Dana Wagg, Windspeaker Staff Writer, Oka Quebec

Volume

8

Issue

10

Year

1990

Page 12

Christina Montour runs a business on Oka's main street, but her mind and her heart is often behind the Mohawk blockade just down the road.

She has a daughter, Natalie, 22 and two nieces at Kanesatake.

"I feel as though I have a nightmare and I can't get over it. I don't sleep good not knowing what goes on behind the barricades during the night. It could get violent. Anything could happen. There's so many rumors, it's very tiring. It has everybody worried.

"I never thought it would go this far."

Montour, a licensed leather instructor, runs a Native crafts' shop on the village's main street, just down the road from the police blockade at St. Michel and St. George. The main street, Highway 344, has been blocked about four and a half months. Police unsuccessfully stormed the blockade July 11 in an attempt to dislodge Mohawk Warriors.

Montour said the strangle-hold around Oka and Kanesatake frustrated even the non-Natives living behind the Mohawk lines. "We're really surrounded by cops on the river as well as in the village. It's really hard to bring anything on the reserve.

"The white people were fed up. They told them 'You have to let us get through with the food or we're going to come down with guns."

She suspects police were trying to break down the spirit of the Natives. "It doesn't look as though they're going to be discouraged; they're holding on."
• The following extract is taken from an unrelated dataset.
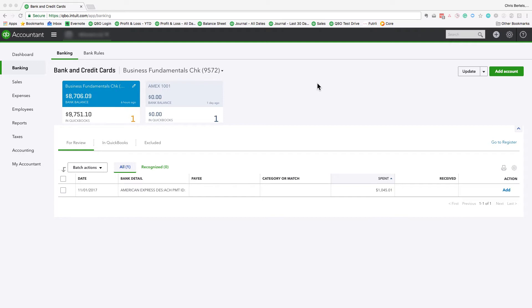So the situation we have is actually very simple. It's $1,045 from the checking account and we transferred it to the American Express credit card to make the payment.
Montour lives day-to-day with trying to make a living selling handicrafts while police blockades have reduced traffic to a trickle. The ferry between the village and Hudson, a walk across Lake of Two Mountains, has also been closed by the Surete du Quebec.

The blockade also put a strain on her marriage. SQ officers refused to allow her non-Native husband, an agronomist with the provincial government, into Oka.

"I think that's extreme abuse," she said.

Access is limited to residents, police, the news media and workers.

Montour, a member of the Kanwsatake band, said the dispute has also cooled relations between the estimated 200 Natives and the 1,000 non-Natives in the community.

"We can feel it. There's tension."

"People I normally had very good support from now don't even look."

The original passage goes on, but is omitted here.